04.01.2017

Erzbischof segnet ein Haus in Bergedorf für Flüchtlinge in besonderen Lebenssituationen

Wo Handlanger Gottes wirken

Ein Rückzugsort für Flüchtlinge soll es sein: Erzbischof Stefan Heße hat kurz vor dem Jahreswechsel die Räume eines Hauses in Hamburg-Bergedorf gesegnet, in dem bis zu acht Asylbewerber eine zeitlang zur Ruhe kommen können.

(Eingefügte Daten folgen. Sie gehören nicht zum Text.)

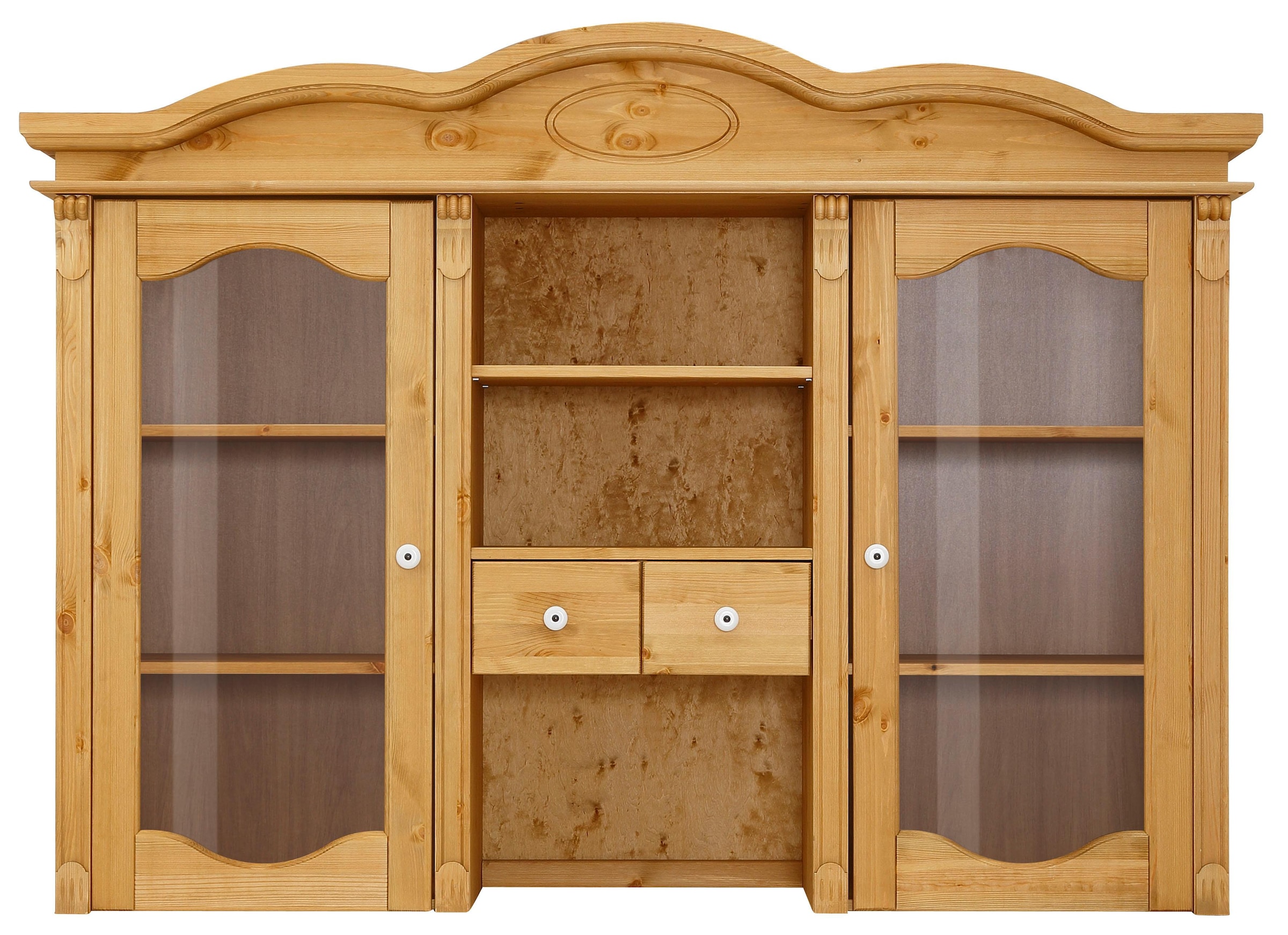 Home affaire Aufsatzschrank »Bavaria« Breite 165 cm, aus massiver Kiefer, FSC®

Erzbischof Heße (rechts) brachte ein Marienrelief für das Haus mit und übergab es an Peter Beckwermert
und Ekaterina Sorokina. Im Hintergrund steht Britta Gerlach-Bogumil.  Foto: Marco Heinen

Eigentlich sollte die Segnung schon vor Weihnachten stattfinden, doch der Erzbischof musste den Termin seinerzeit aus gesundheitlichen Gründen absagen. Nun wurde das Treffen nachgeholt und zwar am 30. Dezember, dem Tag, an dem diesmal das Fest der Heiligen Familie gefeiert wurde. Und dieser Termin passe ja eigentlich auch viel besser, sagte der Erzbischof. Schließlich sei auch die Heilige Familie eine Familie auf der Flucht gewesen, die in einem anderen Land Obdach gefunden habe. „Deswegen, finde ich, ist es eine sehr schöne Fügung, dass die Einweihung heute stattfindet“, sagte er auch an die Adresse der beiden ersten Bewohner, eines Eritreers und eines Ägypters.

Das Haus, dessen vier Zimmer jeweils doppelt belegt werden können, ist für Flüchtlinge gedacht, die dringend eine andere Unterkunft als die in einer Erstaufnahmeeinrichtung oder in einer Folgeunterkunft benötigen. Gründe dafür können gesundheitliche oder psychische Pro-bleme sein. Aber auch religiöse Einstellungen können Ursache scharfer Konflikte in regulären Einrichtungen sein, so dass es im Einzelfall sinnvoll ist, Betroffene vorübergehend in Bergedorf unterzubringen.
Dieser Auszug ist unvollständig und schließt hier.